**Caption-style text data:**

------------------------------------

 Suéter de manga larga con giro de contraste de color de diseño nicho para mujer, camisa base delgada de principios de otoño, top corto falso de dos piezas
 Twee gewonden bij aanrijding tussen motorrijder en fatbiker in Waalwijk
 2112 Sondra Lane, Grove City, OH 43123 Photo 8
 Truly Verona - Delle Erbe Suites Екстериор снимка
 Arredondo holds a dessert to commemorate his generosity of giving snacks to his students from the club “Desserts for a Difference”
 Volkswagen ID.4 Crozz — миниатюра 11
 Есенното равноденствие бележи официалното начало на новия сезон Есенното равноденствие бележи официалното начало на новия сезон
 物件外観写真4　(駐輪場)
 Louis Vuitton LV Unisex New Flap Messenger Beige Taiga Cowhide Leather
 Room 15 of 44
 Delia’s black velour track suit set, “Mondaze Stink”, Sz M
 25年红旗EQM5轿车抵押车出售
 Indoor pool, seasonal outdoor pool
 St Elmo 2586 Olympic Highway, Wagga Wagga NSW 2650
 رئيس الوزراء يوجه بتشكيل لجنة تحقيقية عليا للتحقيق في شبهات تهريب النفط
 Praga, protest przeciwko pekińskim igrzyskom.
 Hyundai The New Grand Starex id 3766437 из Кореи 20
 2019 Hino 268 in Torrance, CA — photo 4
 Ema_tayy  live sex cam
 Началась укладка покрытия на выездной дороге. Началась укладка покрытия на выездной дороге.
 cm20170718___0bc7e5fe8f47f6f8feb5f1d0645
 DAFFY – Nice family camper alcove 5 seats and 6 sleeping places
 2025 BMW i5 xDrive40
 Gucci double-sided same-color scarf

------------------------------------

**Try it:**
Set out, exactly as written, the lines from the line with "Indoor pool, seasonal outdoor pool" to the last line of the records, inclusive, and only those lines.

**Output for this task:**
 Indoor pool, seasonal outdoor pool
 St Elmo 2586 Olympic Highway, Wagga Wagga NSW 2650
 رئيس الوزراء يوجه بتشكيل لجنة تحقيقية عليا للتحقيق في شبهات تهريب النفط
 Praga, protest przeciwko pekińskim igrzyskom.
 Hyundai The New Grand Starex id 3766437 из Кореи 20
 2019 Hino 268 in Torrance, CA — photo 4
 Ema_tayy  live sex cam
 Началась укладка покрытия на выездной дороге. Началась укладка покрытия на выездной дороге.
 cm20170718___0bc7e5fe8f47f6f8feb5f1d0645
 DAFFY – Nice family camper alcove 5 seats and 6 sleeping places
 2025 BMW i5 xDrive40
 Gucci double-sided same-color scarf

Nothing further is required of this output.